Pictures with short captions:
--------

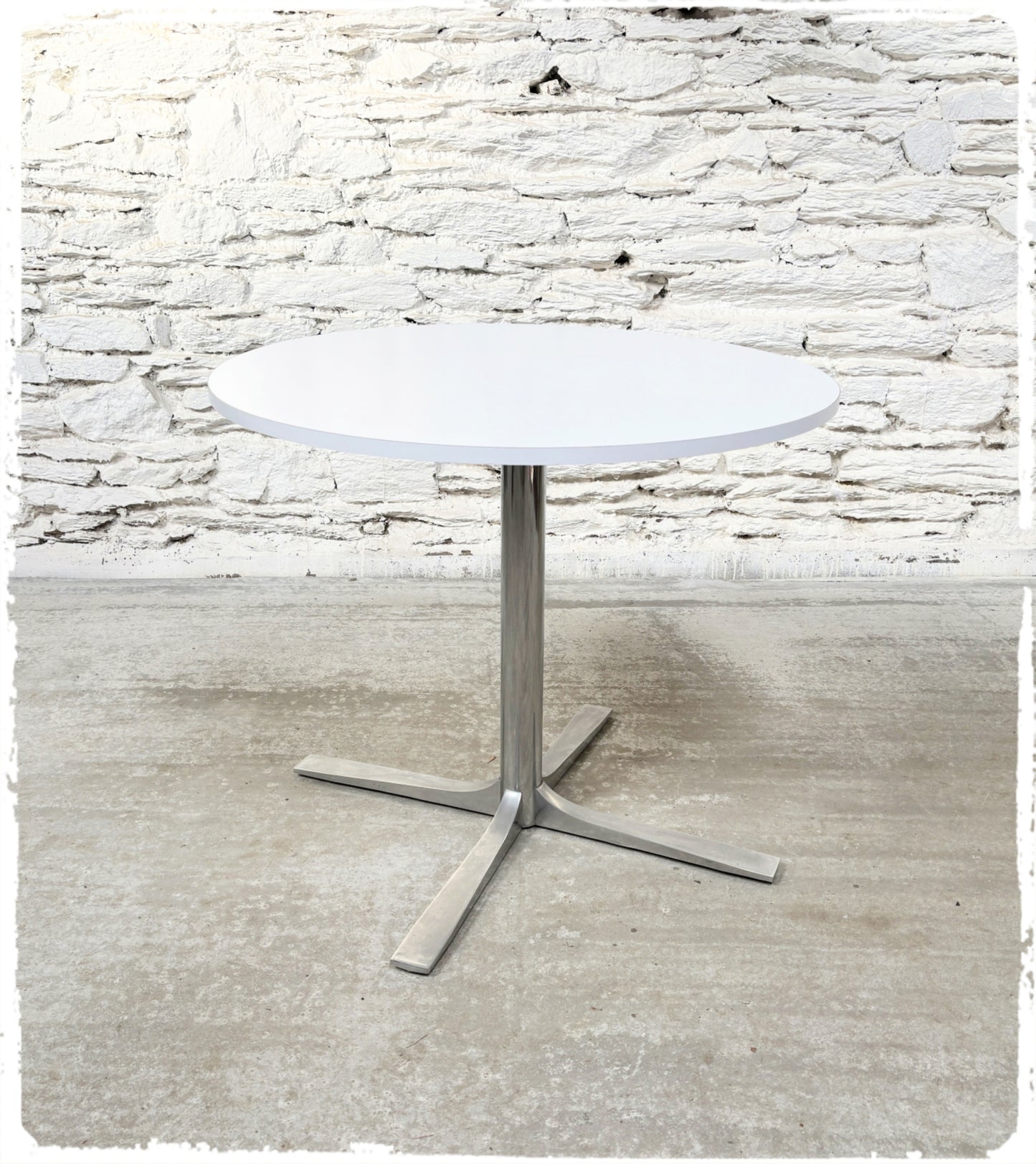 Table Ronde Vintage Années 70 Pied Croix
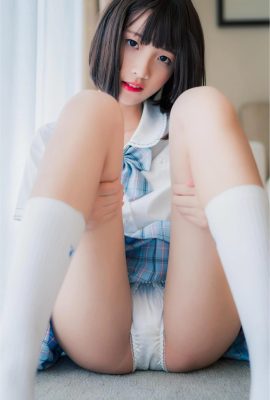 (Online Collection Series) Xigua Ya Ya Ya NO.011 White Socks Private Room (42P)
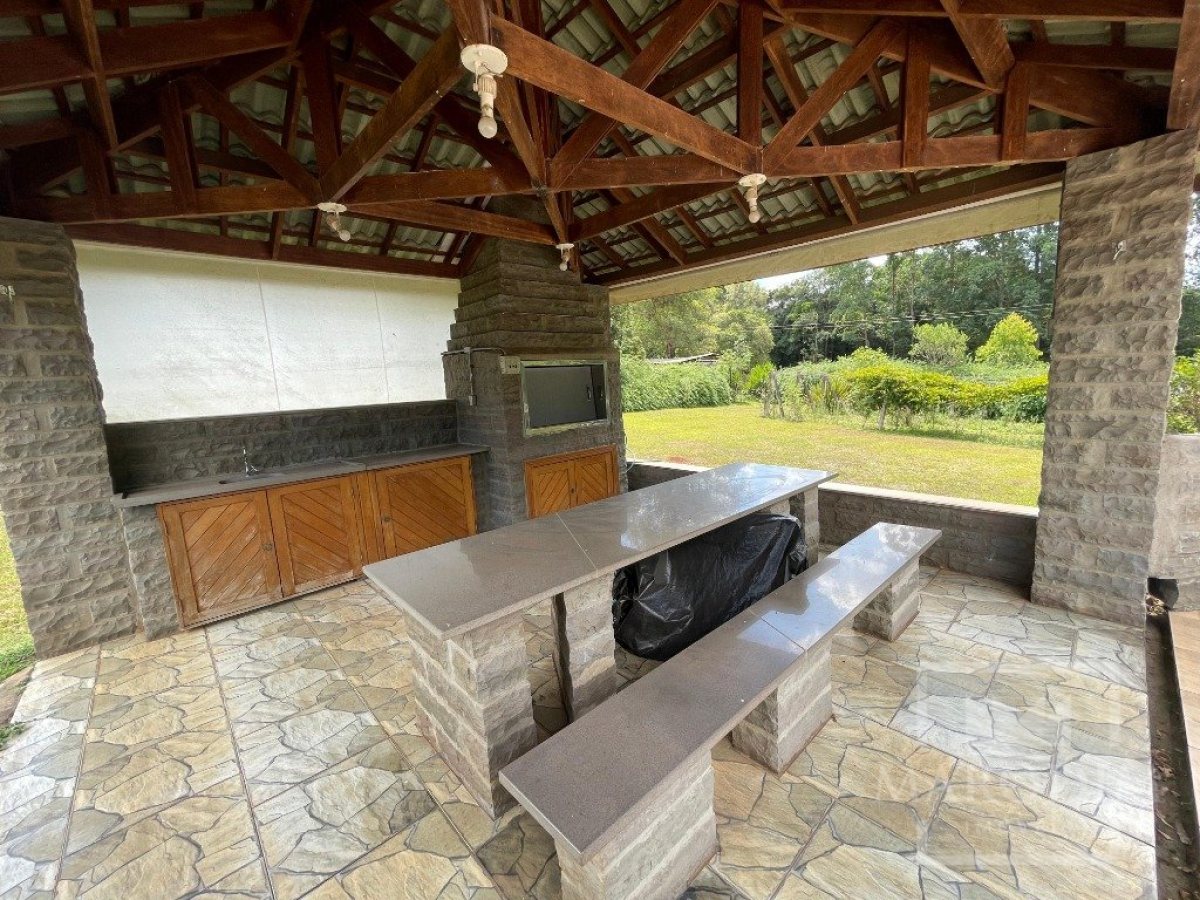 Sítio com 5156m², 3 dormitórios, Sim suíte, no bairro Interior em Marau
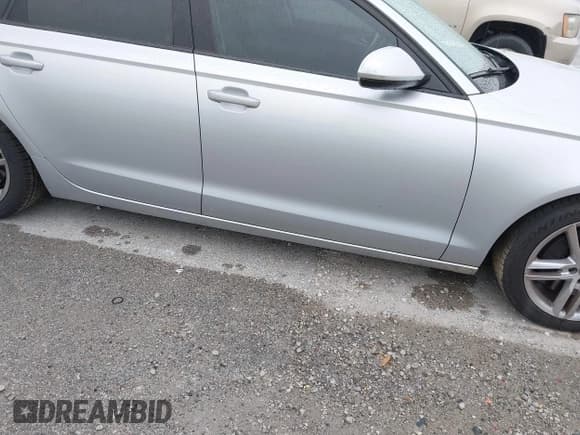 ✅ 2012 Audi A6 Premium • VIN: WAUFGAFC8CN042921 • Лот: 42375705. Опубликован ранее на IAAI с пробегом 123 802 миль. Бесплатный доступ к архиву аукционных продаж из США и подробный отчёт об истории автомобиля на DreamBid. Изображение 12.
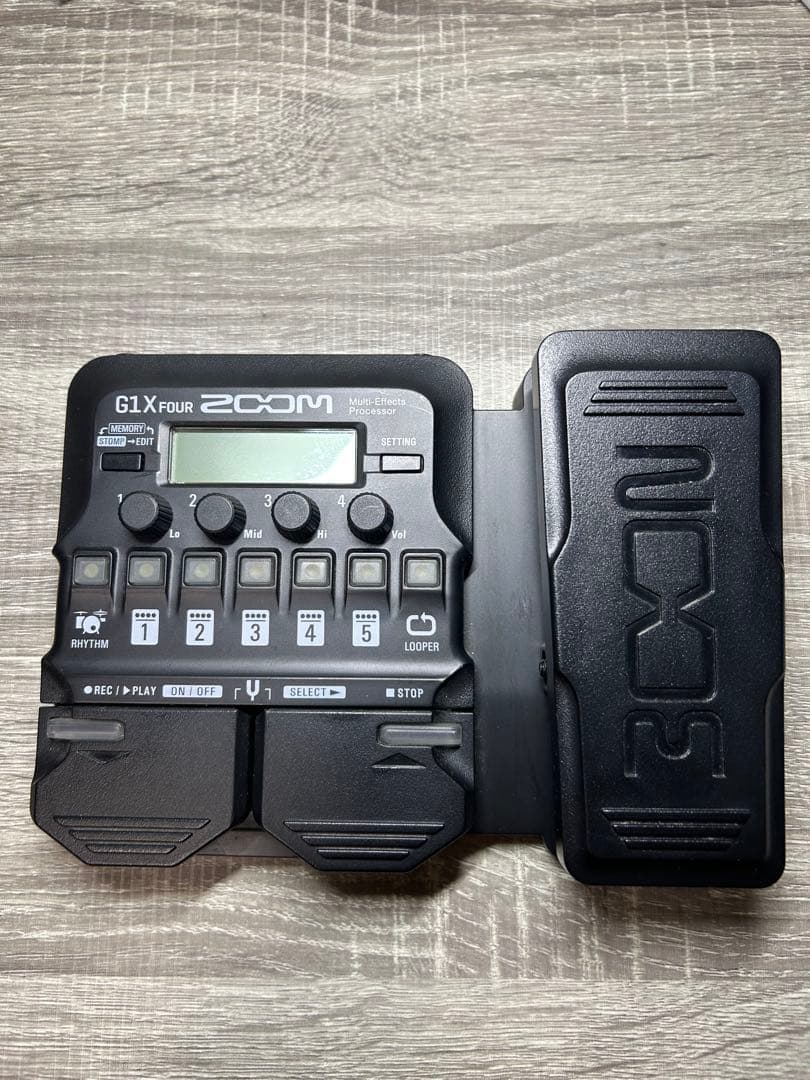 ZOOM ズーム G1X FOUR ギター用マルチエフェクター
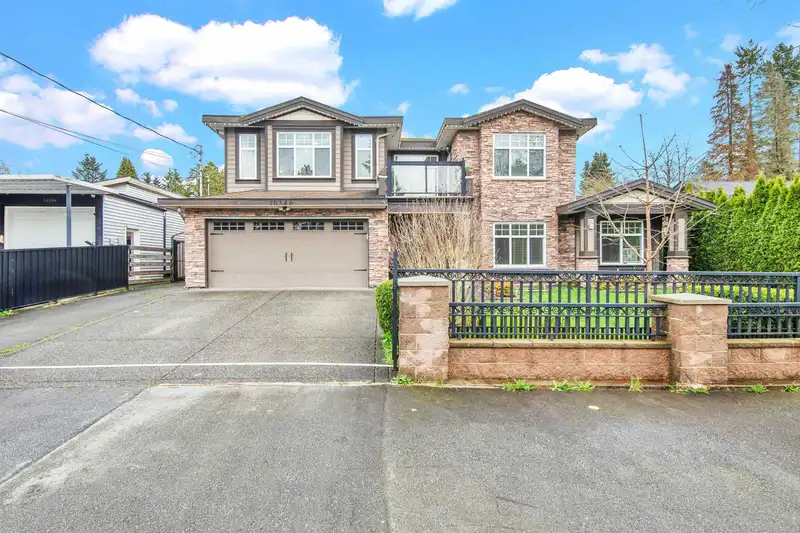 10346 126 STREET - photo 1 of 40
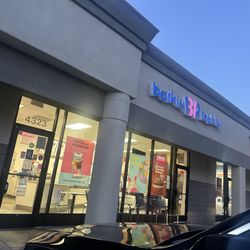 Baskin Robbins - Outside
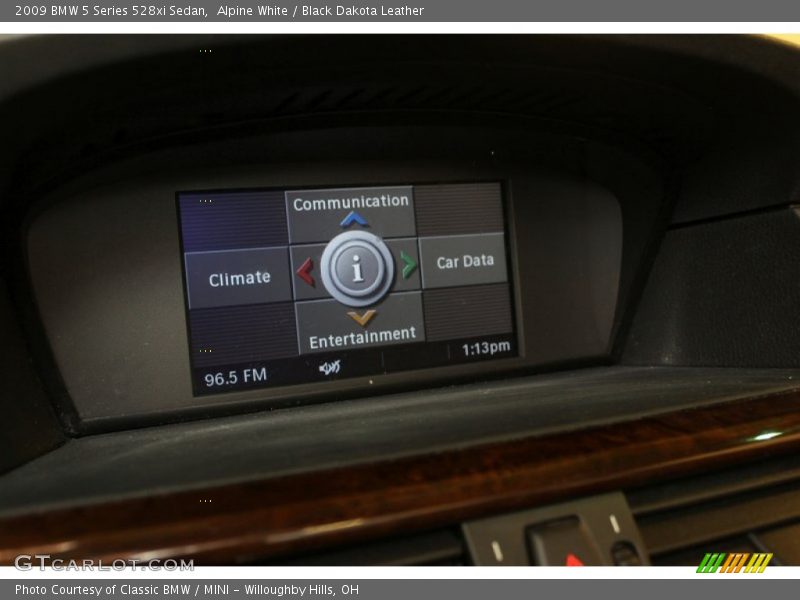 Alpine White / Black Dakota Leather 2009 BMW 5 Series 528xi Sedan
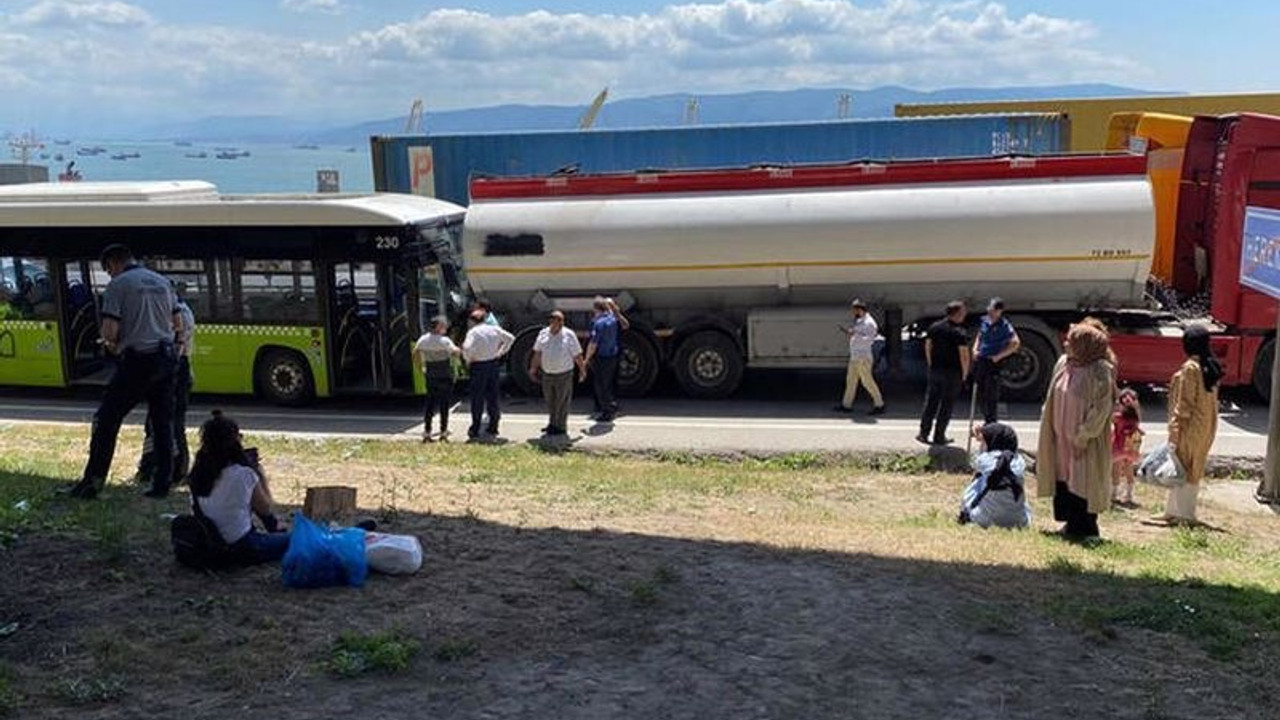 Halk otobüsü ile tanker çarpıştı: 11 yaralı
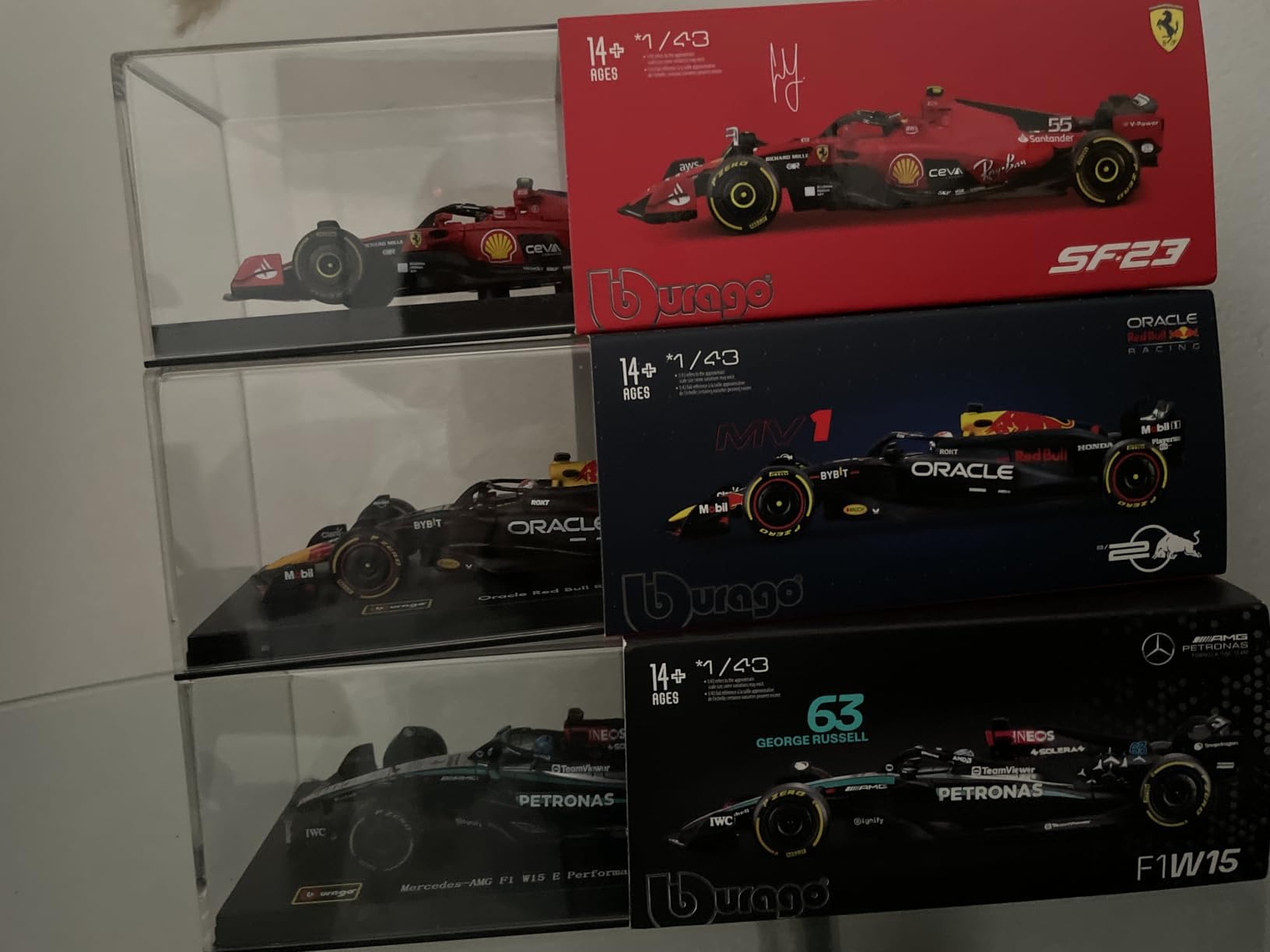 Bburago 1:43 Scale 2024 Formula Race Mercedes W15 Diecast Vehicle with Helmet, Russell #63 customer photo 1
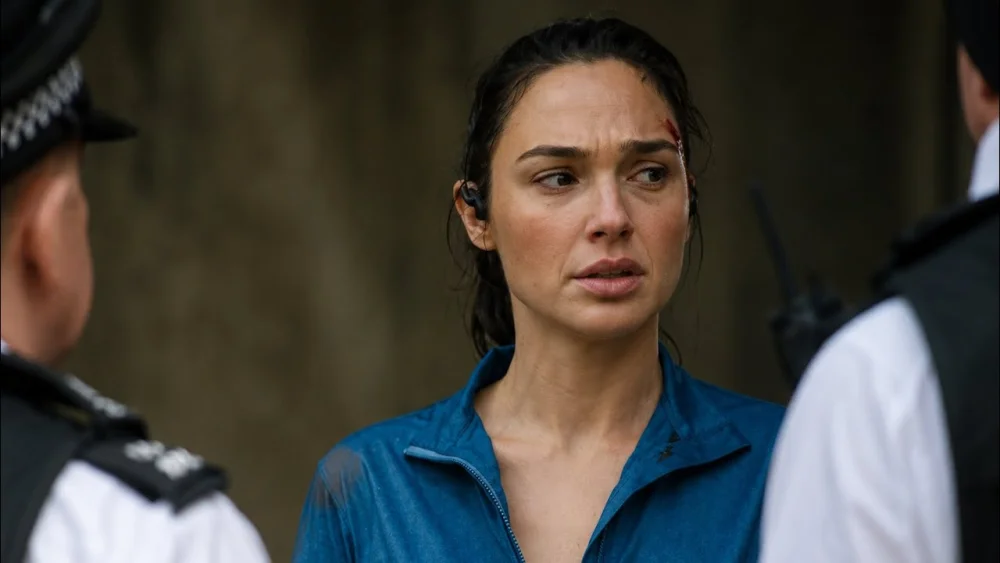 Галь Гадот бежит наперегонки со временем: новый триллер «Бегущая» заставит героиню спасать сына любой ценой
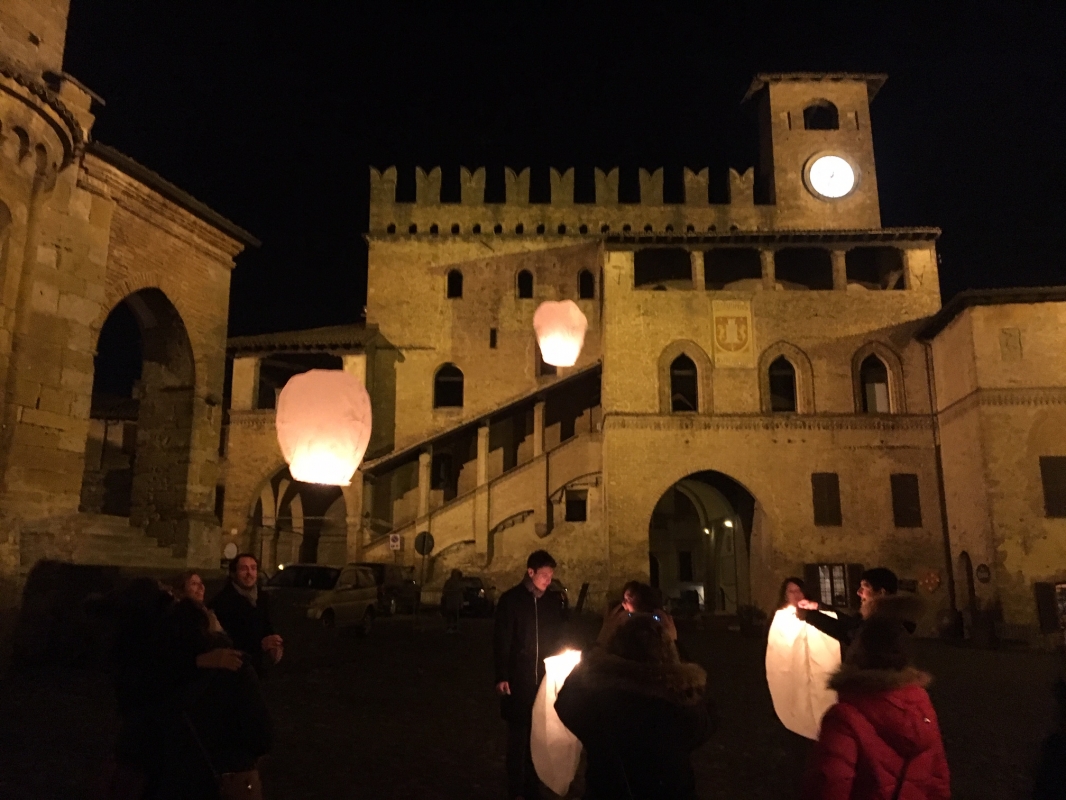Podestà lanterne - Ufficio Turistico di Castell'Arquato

--------

**What you need to do:** What the answer needs is every line from the one containing "(Online Collection Series)" through the final line of the data above, copied exactly, without pictures.

**Result of the exercise:**
 (Online Collection Series) Xigua Ya Ya Ya NO.011 White Socks Private Room (42P)
 Sítio com 5156m², 3 dormitórios, Sim suíte, no bairro Interior em Marau
 ✅ 2012 Audi A6 Premium • VIN: WAUFGAFC8CN042921 • Лот: 42375705. Опубликован ранее на IAAI с пробегом 123 802 миль. Бесплатный доступ к архиву аукционных продаж из США и подробный отчёт об истории автомобиля на DreamBid. Изображение 12.
 ZOOM ズーム G1X FOUR ギター用マルチエフェクター
 10346 126 STREET - photo 1 of 40
 Baskin Robbins - Outside
 Alpine White / Black Dakota Leather 2009 BMW 5 Series 528xi Sedan
 Halk otobüsü ile tanker çarpıştı: 11 yaralı
 Bburago 1:43 Scale 2024 Formula Race Mercedes W15 Diecast Vehicle with Helmet, Russell #63 customer photo 1
 Галь Гадот бежит наперегонки со временем: новый триллер «Бегущая» заставит героиню спасать сына любой ценой
Podestà lanterne - Ufficio Turistico di Castell'Arquato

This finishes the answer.